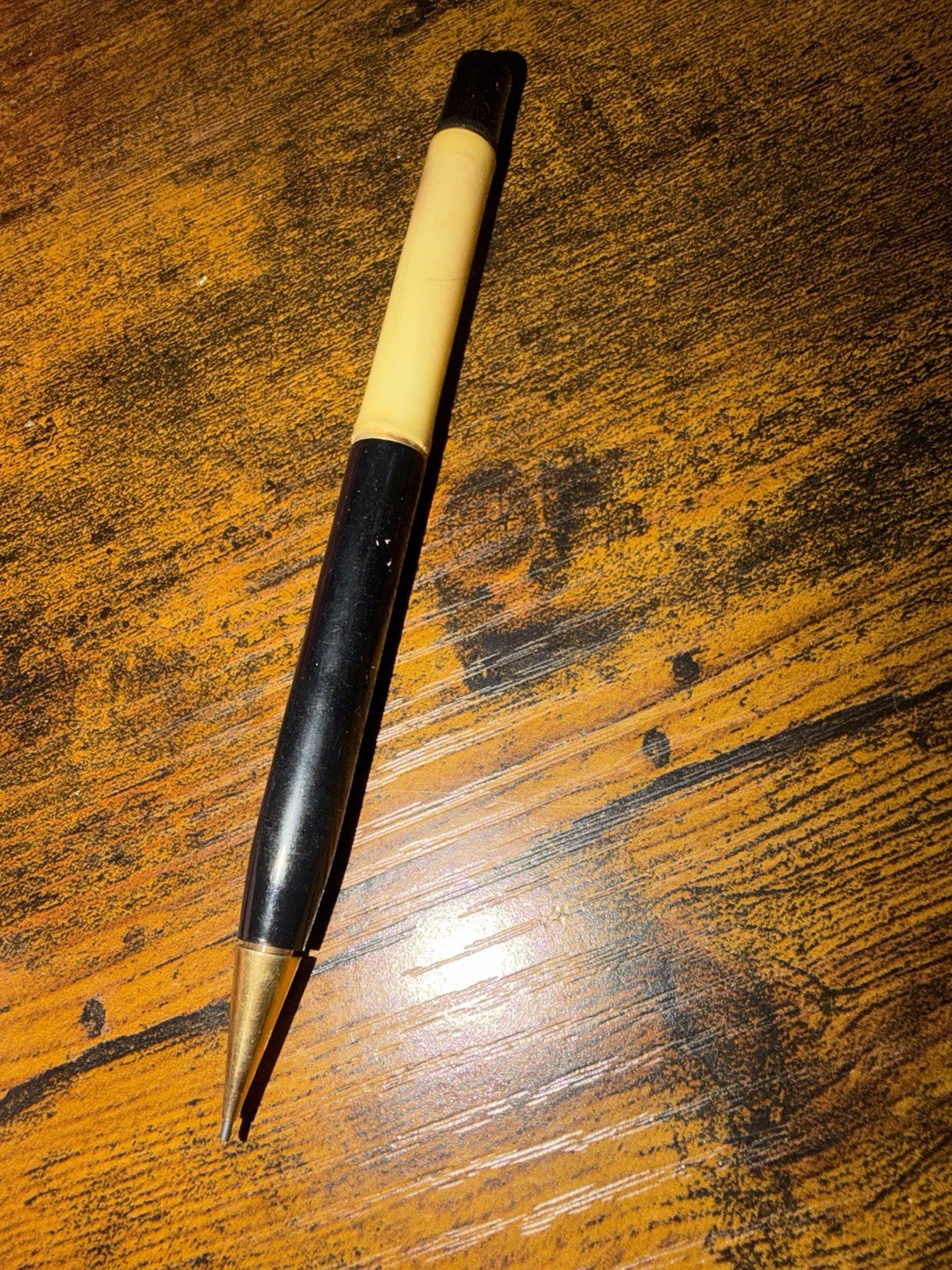 Vintage Mechanical Pencils (3) And One Vintage Paper Mate Pen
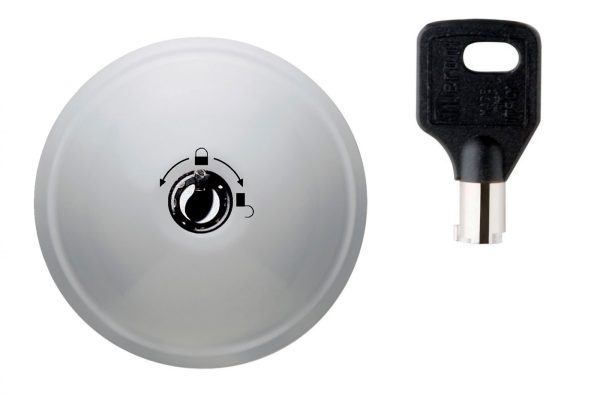 Ufo3 Smart Duo Hvid – Justerbar smæk til 1 skydedør eller dobbelte bagdøre - Billede 3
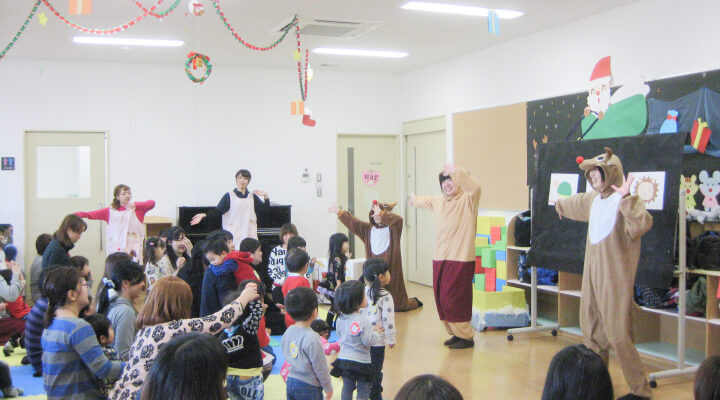 子育て支援活動 「ぴよ♪ぴよ♪」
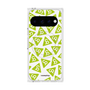 プレミアムスクエアケース with Pixelsnap［ オリジナル - CASEPLAYロゴマーク - グリーン ］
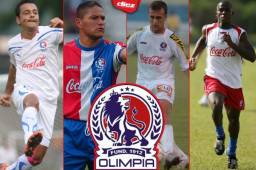 Se viene la octava final entre el Olimpia y Motagua, la afición ha elegido a su mejor once en la historia en esta fase.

● ● ● ● ● ● ●

What you should do:
Reproduce the data above exactly, leaving out any picture in it.

Expected answer:
 Vintage Mechanical Pencils (3) And One Vintage Paper Mate Pen
 Ufo3 Smart Duo Hvid – Justerbar smæk til 1 skydedør eller dobbelte bagdøre - Billede 3
 子育て支援活動 「ぴよ♪ぴよ♪」
 プレミアムスクエアケース with Pixelsnap［ オリジナル - CASEPLAYロゴマーク - グリーン ］
 Se viene la octava final entre el Olimpia y Motagua, la afición ha elegido a su mejor once en la historia en esta fase.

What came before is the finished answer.